INFORMATION PROVIDED:
☆ ☆ ☆ ☆ ☆

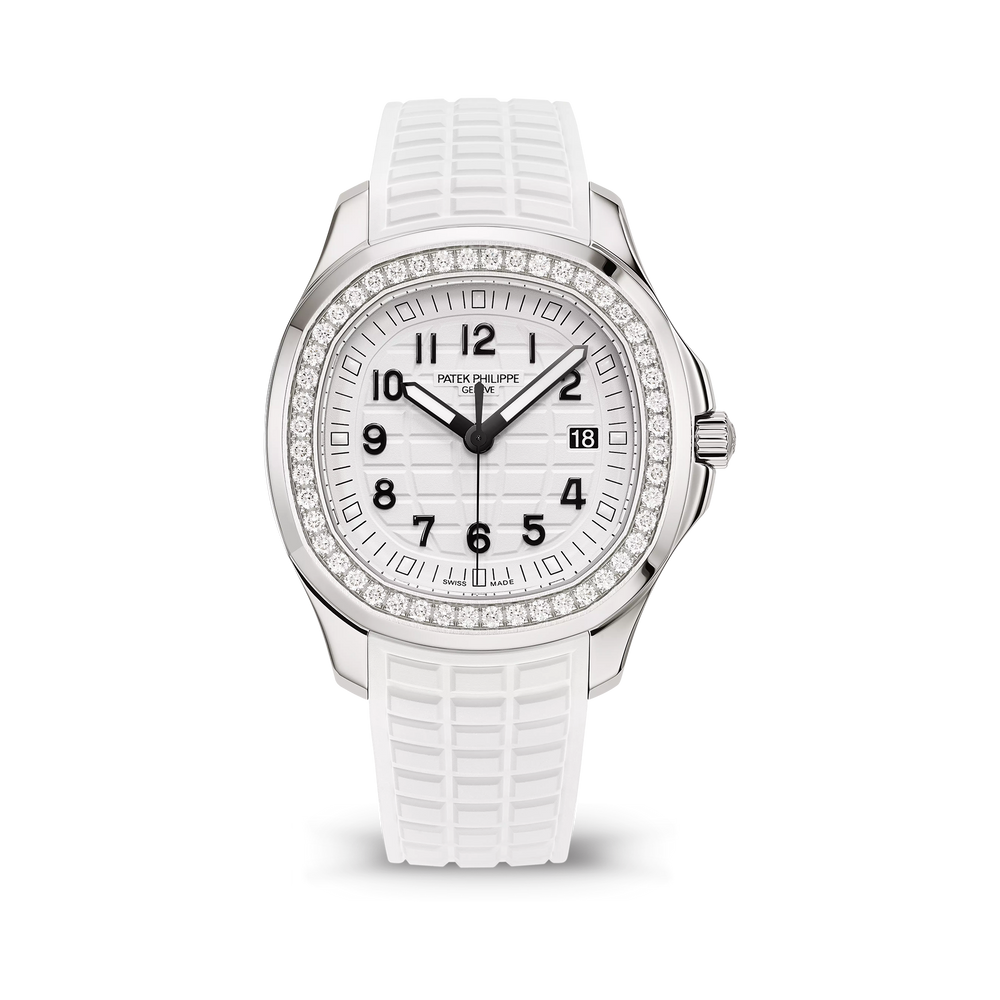 Aquanaut Luce, Stainless Steel, 38,8mm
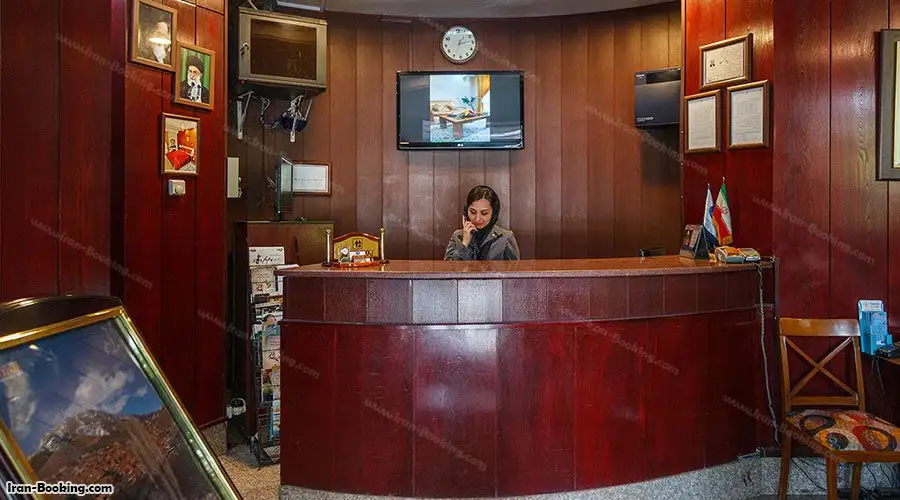 image 2 from Tavrijh Hotel Apartment Tehran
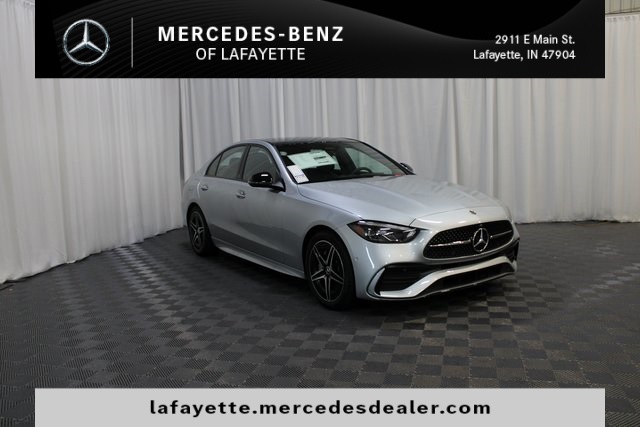 2024 Mercedes-Benz C-Class Sedan C 300's photo
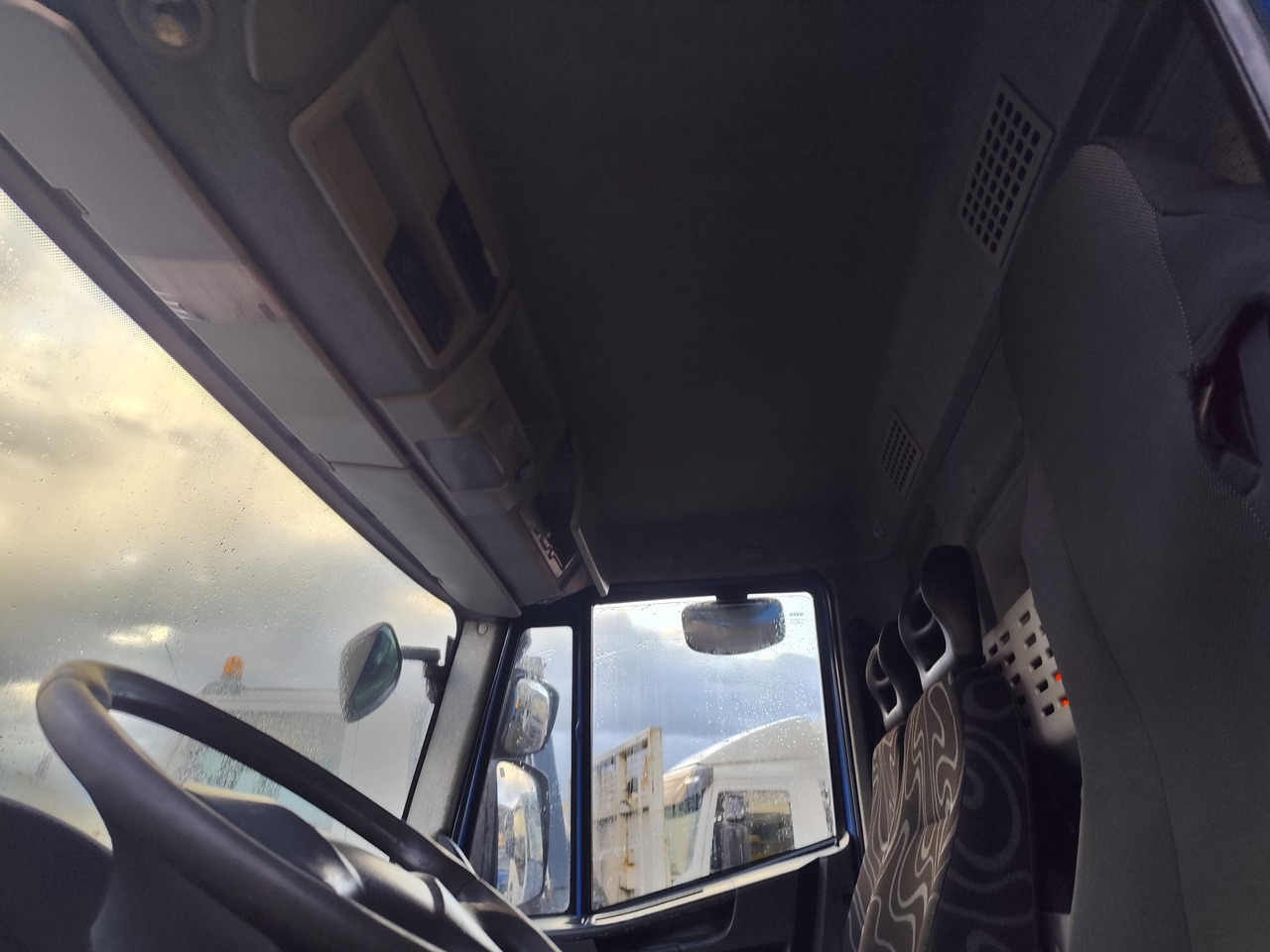 IVECO EUROCARGO 190EL28 - Fahrgestell LKW: das Bild 5 IVECO EUROCARGO 190EL28 - Fahrgestell LKW: das Bild 5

☆ ☆ ☆ ☆ ☆

TRY IT: Return the listing above in full and exactly, omitting all pictures.

EXPECTED ANSWER:
 Aquanaut Luce, Stainless Steel, 38,8mm
 image 2 from Tavrijh Hotel Apartment Tehran
 2024 Mercedes-Benz C-Class Sedan C 300's photo
 IVECO EUROCARGO 190EL28 - Fahrgestell LKW: das Bild 5 IVECO EUROCARGO 190EL28 - Fahrgestell LKW: das Bild 5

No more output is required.